Descriptive Metadata – Describes a resource for the purpose of indexing, discovery, and identification.  Common descriptive metadata fields include creator, title, and subject.

Administrative Metadata – Helps manage a resource by describing management information such as ownership and rights management.

Structural Metadata – Used to display and navigate digital resources and describes relationships between multiple digital files, such as page order in a digitized book.

Technical Metadata – Describes the features of the digital file, such as resolution, pixel dimension, and creating hardware.  The information is critical for migration and long-term sustainability of the digital resource.

Preservation Metadata – Contains the information needed to preserve a digital object and protect the object from harm, deterioration, or destruction. Preservation metadata may encompass the aforementioned forms of metadata.

One of the most pressing reasons an agency will want to create descriptive metadata is to ensure the discovery of information.  If an agency receives a request by the public for information concerning the business of the state, high quality descriptive metadata will make the search and retrieval of an electronic resource relating to the request much more manageable.   An electronic resource with high quality metadata allows the user to identify resources, distinguish relationships with other objects, bring similar resources together, and determine location information. 

There are many compelling reasons for recording metadata but, in terms of support for government agencies, metadata is useful for legal and statutory requirements, such as the California Public Records Act (Government Code Sections 6250-6276.48 and Government Code 6252(e)) and the California State Records Management Act (Government Code Sections 12270-12279 and Government Code 12275(a); advancements in technology (upgrading servers); providing service to citizens and other agencies (identifying , locating, and sharing information); optimal workflow (easily finding documents and understanding their context); and operational, administrative and preservation needs (decision making documentation).

Where Does Metadata Live?

To better understand metadata it is important to know where the information or metadata is stored.  Metadata can be embedded within a file.  For example, when an image is scanned the associated metadata such as file type, date scanned, file name, and image resolution lives with the file or is embedded in the file.

A file’s metadata does not necessarily have to live within the file.  An external catalog of metadata for an agency’s files can provide an efficient avenue for managing and discovering files at a later date.  Utilizing a data spreadsheet such as Microsoft Excel or Access allows a user to tailor metadata entries that best suit the needs of the agency.  Best practice dictates that two datasheets be maintained when practicing the catalog method for recording metadata: a master copy with permissions granted to select users and a use copy that allows access to all individuals who may need to use the data to perform work duties.  A metadata catalog is an efficient way to manage electronic resources and boasts advantages such as offline searching, collection-wide searching, and providing a record of an agency’s electronic records.

Metadata Schemas and Element Sets

Many different metadata standards, or schemas, exist for a variety of users and disciplines.  One of the most common metadata schemas, Dublin Core, is versatile and easily applied to an assortment of objects from many different professions and disciplines (Source: The Dublin Core Metadata Element Set is a set of guidelines for cross-domain resource description.

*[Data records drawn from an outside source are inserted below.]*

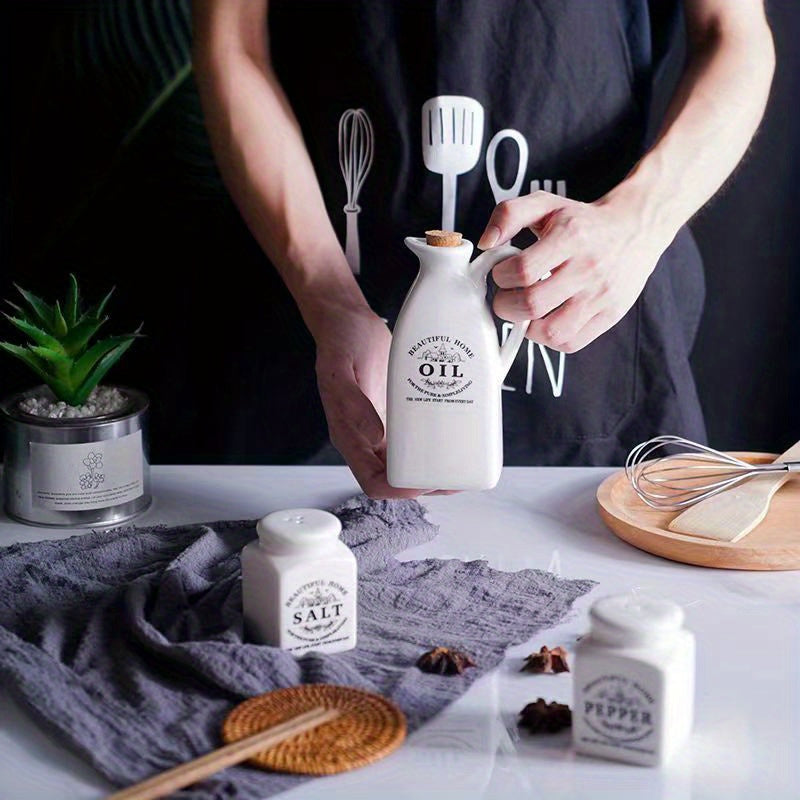 Vintage keramika yog' va sirka tarqatish shishalari to'plami 4 dona - oqmas, BBQ, lager va pikniklar uchun mukammal | Zaruriy Oshxona Aksessuarlar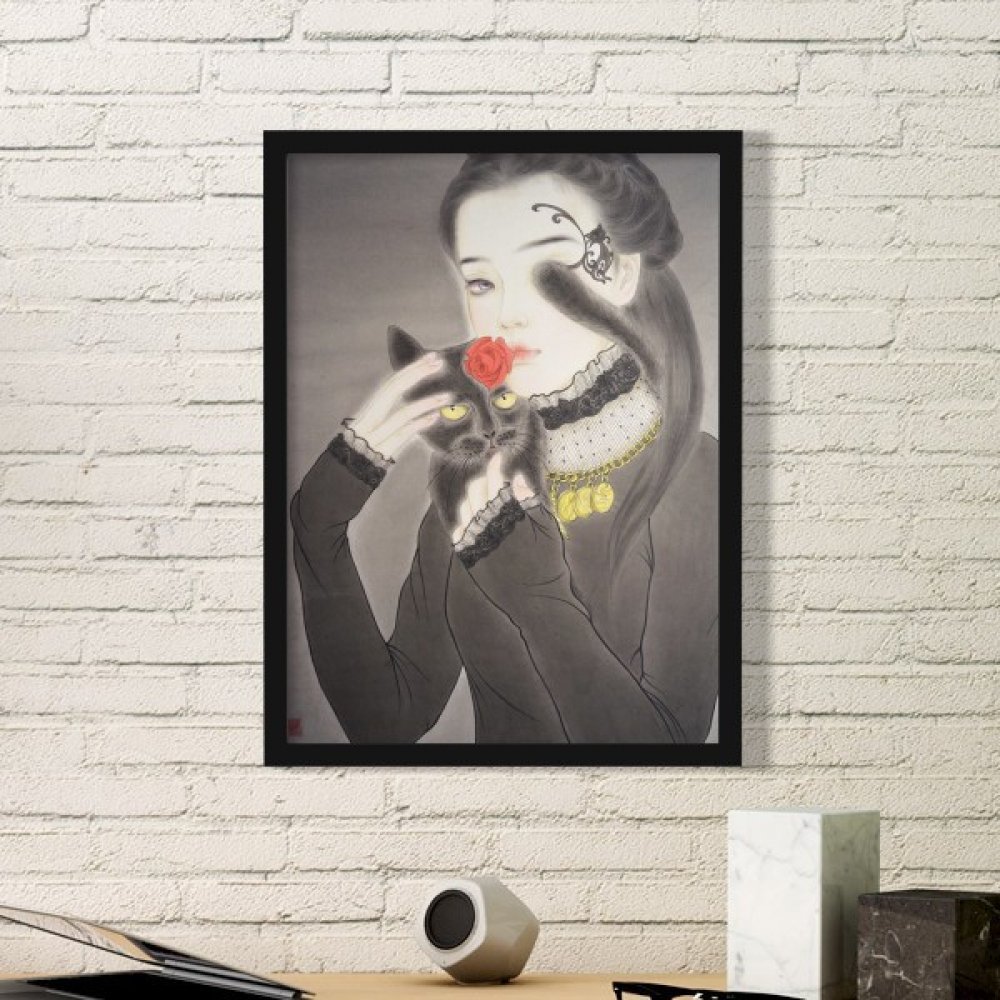 Cadre photo chat style chinois noir pour decoration de salon chaleureux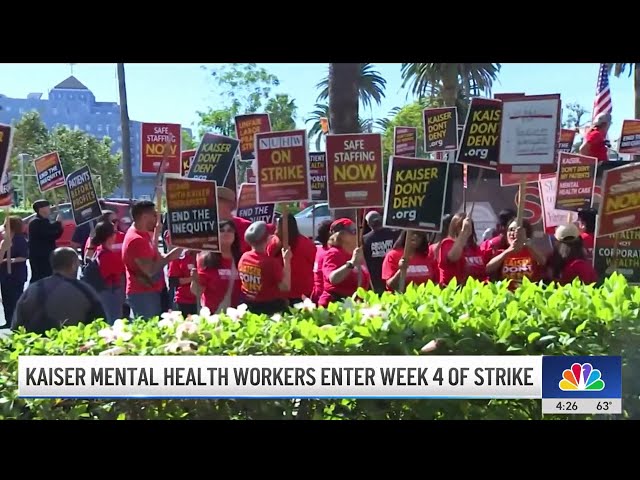 ⁣Kaiser mental health workers enter week 4 of strike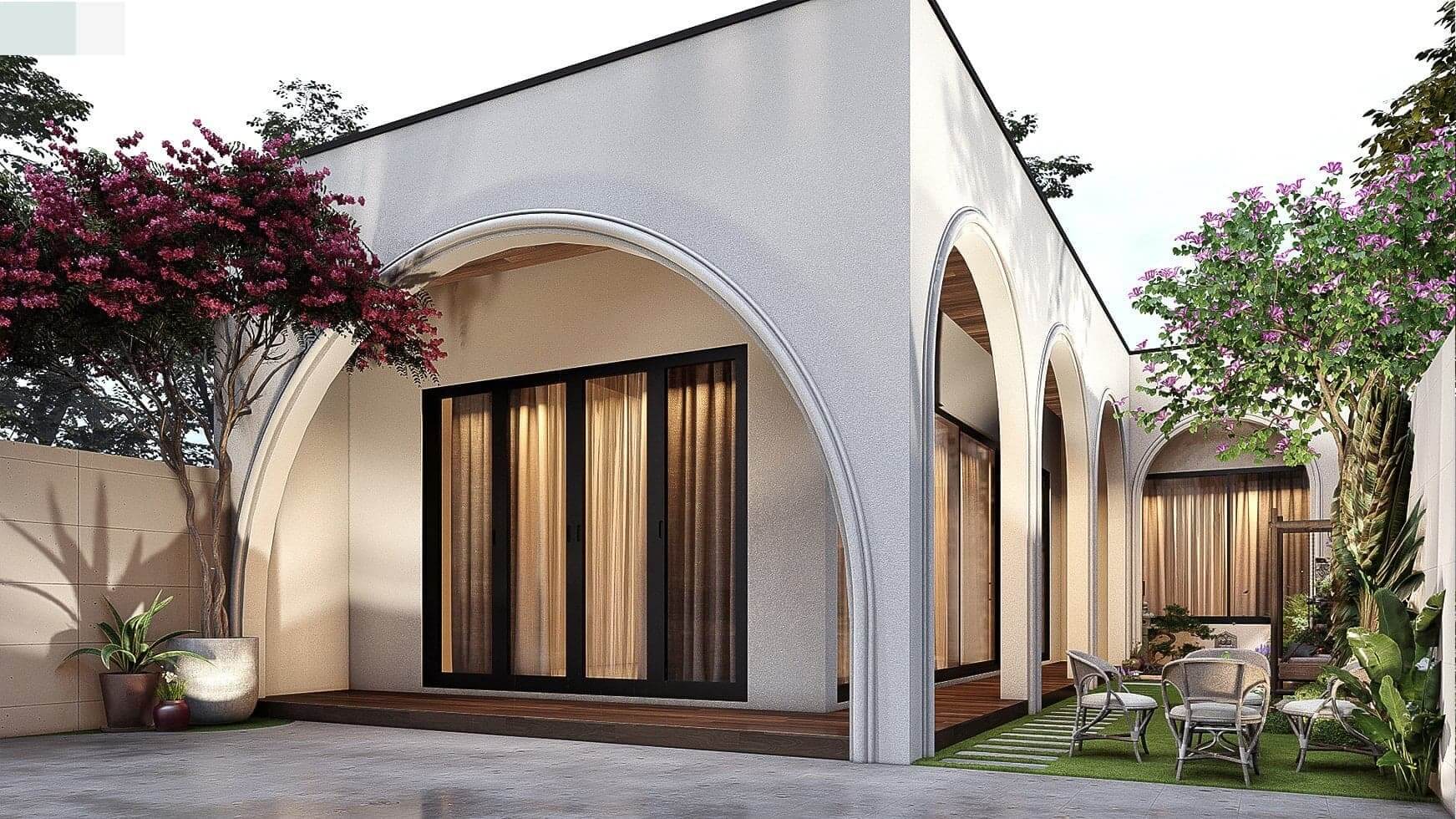 Thiết kế nhà cấp 4 diện tích 60m2 với 2 phòng ngủ hình chữ L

ISO 15836:2009).  The Dublin Core schema consists of fifteen elements: Title, Creator, Subject, Description, Publisher, Contributor, Date, Type, Format, Identifier, Source, Language, Relation, Coverage, and Rights.  Design to be simple and concise, the Dublin Core schema is able to accommodate the increasing presence of electronic resources. 

When using a metadata schema it is also important to exercise a controlled vocabulary.  A controlled vocabulary consists of an approved set of terms for the content of the elements.  For example, there is more than one way to write a date so it is important to set forth an approved method (i.e. 02_02_2005 or February 2, 2015).  The format for proper nouns should also be agreed upon (e.g. Smith, Joan or Joan Smith).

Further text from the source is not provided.